Seriously, it's not like the Kindle is a ground-breaking improvement on an actual paperback book, which is already portable, which is easier to flip through, and which doesn't require an electronic outlet. Okay, it saves the environment, and it makes reading on the go more convenient. I get it. But if you asked me to envision the largest upgrade a reader such as the Kindle could conceivably have over its papered counterpart, without hesitation, I'd state that having a glowing screen, one that I could actually read at night, in the darkness, with the lights off, would be a monumental improvement over regular books.
The fact that it's omitted isn't just baffling, it's insulting. I don't believe for one second that when the people at Amazon designed this thing, they utterly forgot to mention something as convenient and obvious as a glow-in-the-dark screen. So why isn't it included? Simple: so they can unleash it in the next version, Kindle 2.0, or 2.5, or whatever. It's a page right out of the iPhone style of business, where each new edition is equipped with something that makes it moderately better than the last one. But what Amazon has done by releasing the Kindle without a glowing screen is cheaper than anything Apple has ever done. To continue the comparison, it would be like if the iPhone was released without any apps, just so the next version of it could have them.

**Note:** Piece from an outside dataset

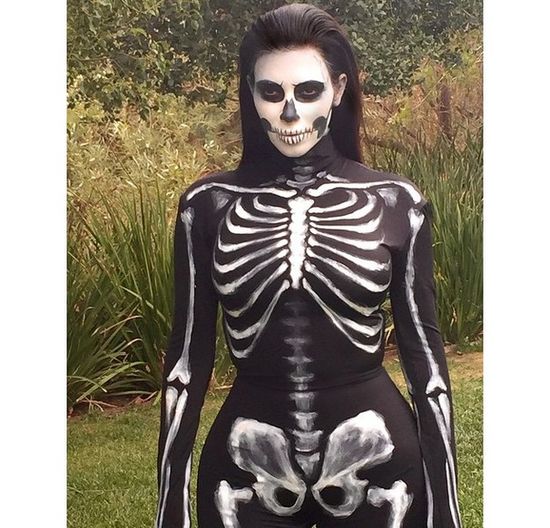 Tak bawiły się na Halloween gwiazdy (FOTO)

It's really infuriating. Yeah, yeah, it's a competent piece of technology, but for the love of all things prudent, DO NOT go out and waste your money on such a clearly inferior, substandard product. Not when you can be damn sure that a better version of it that has a glowing screen is right on the horizon, one that will probably be considerably cheaper too. Don't be hornswoggled by its momentary neatness. A little patience will save you the trouble of upgrading to the latest and greatest version, which -- unless Amazon is run by sadists -- will assuredly be much, much better than this.
And if you think my thoughts on the Kindle were rough, just imagine what I have to say about Hedo Turkoglu after the jump...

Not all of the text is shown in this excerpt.